I thought however that intermediate ISO values (like ISO640) were also fake coming from software adjustment over a real ISO400 (or maybe ISO800) shot.
But I have been given 4 RAW files of the Nikon D300 and calculated its histograms:
14 bit / ISO400
14 bit / ISO640
12 bit / ISO400
12 bit / ISO640
I was surprised to see that ISO640 RAW histograms (i.e. only non-interpolated RAW data, just scaled from 12/14 to 16 bits without any additional WB scaling, saturation scaling of offset subtraction) look the same as ISO400, so I don't have any evidence to suspect ISO640 is a fake when compared to ISO400:
Correct. Nikon seems to implement all ISO's in a uniform manner with a single variable gain amplifier. Canon uses a two-stage amplification scheme, one amplifier for the main ISO's of 100-200-400 etc; and a second stage of analog amplification for the intermediate ISO's for the 1 series and 5D, or simply software multiplication for the xxD series. Nikon's implementation is superior IMO.
QUOTE
In addition to finding no differences between ISO400 and ISO640, one can see that:
- In 14 bits, R and B channels have holes in the RAW data. Could this slight expansion be related to some WB in-camera adjustment? or just and adjustment to reach the saturation level? if so, why G channel is not corrected the same way?
Nikon seems to feel the need to do this "raw white balance", scaling the R and B channels. On D300 sample I was analyzing some months ago, the B channel was scaled by 23/20, the R channel by 13/11. The gaps are then created by the quantization of the rescaled levels when doing this multiplication in integer arithmetic. The motivation for this is unclear; WB in raw conversion would do the same thing anyway, why introduce additional roundoff errors by doing it partially and by a fixed amount in writing the raw data, and then again in the raw converter? I presume the G channel is unaffected since that is ordinarily the way white balance is done -- rescale the R and B channels keeping G fixed.
QUOTE
- In 12 bits, again G channel looks soft, but R and B channels seem to suffer of some periodic level aggregation. Any explanation for this?

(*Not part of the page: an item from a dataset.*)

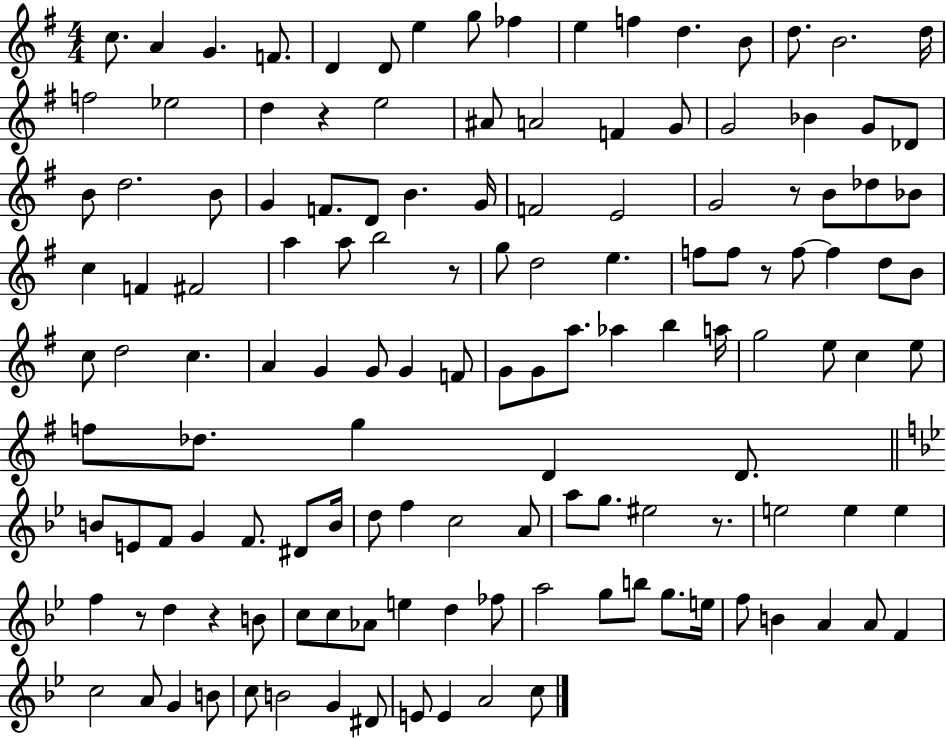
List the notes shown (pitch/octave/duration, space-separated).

C5/e. A4/q G4/q. F4/e. D4/q D4/e E5/q G5/e FES5/q E5/q F5/q D5/q. B4/e D5/e. B4/h. D5/s F5/h Eb5/h D5/q R/q E5/h A#4/e A4/h F4/q G4/e G4/h Bb4/q G4/e Db4/e B4/e D5/h. B4/e G4/q F4/e. D4/e B4/q. G4/s F4/h E4/h G4/h R/e B4/e Db5/e Bb4/e C5/q F4/q F#4/h A5/q A5/e B5/h R/e G5/e D5/h E5/q. F5/e F5/e R/e F5/e F5/q D5/e B4/e C5/e D5/h C5/q. A4/q G4/q G4/e G4/q F4/e G4/e G4/e A5/e. Ab5/q B5/q A5/s G5/h E5/e C5/q E5/e F5/e Db5/e. G5/q D4/q D4/e. B4/e E4/e F4/e G4/q F4/e. D#4/e B4/s D5/e F5/q C5/h A4/e A5/e G5/e. EIS5/h R/e. E5/h E5/q E5/q F5/q R/e D5/q R/q B4/e C5/e C5/e Ab4/e E5/q D5/q FES5/e A5/h G5/e B5/e G5/e. E5/s F5/e B4/q A4/q A4/e F4/q C5/h A4/e G4/q B4/e C5/e B4/h G4/q D#4/e E4/e E4/q A4/h C5/e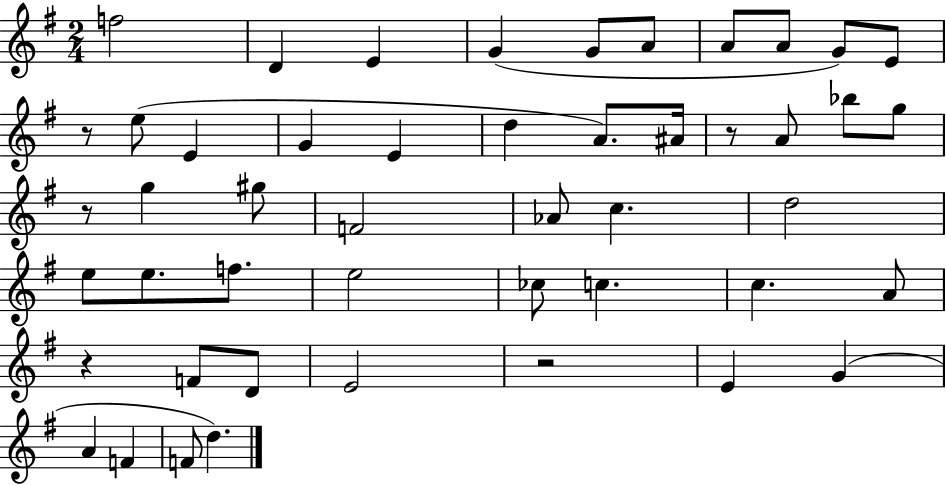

It is as though the same calculation is being done in 14-bit arithmetic, with the 12-bit data loaded into the MSB's and the two LSB's random. One possible explanation: the Expeed chip in the camera calculates with 16-bit precision according to Nikon press releases. Apparently though the 14-bit raw data is loaded into LSB's or else there would be no gaps in the stretched R and B channels of 14-bit capture. If the 12-bit were loaded in to align with the 12 MSB's of 14-bit data, but the last two bits were not zeroed out and effectively random, then the same stretching by the same factor and then written out as 12-bit data would have the observed sawtooth pattern, as the gaps only occur about every 5 to 7 14-bit levels -- so when truncating to 12 bits, sometimes 4 populated raw levels are binned together, sometimes 3 populated and one empty and the histogram for the binned level is only 3/4 as high. If the stretching calculations were being done with 12-bit accuracy, they would have complete gaps rather than a sawtooth 1-vs-3/4 pattern.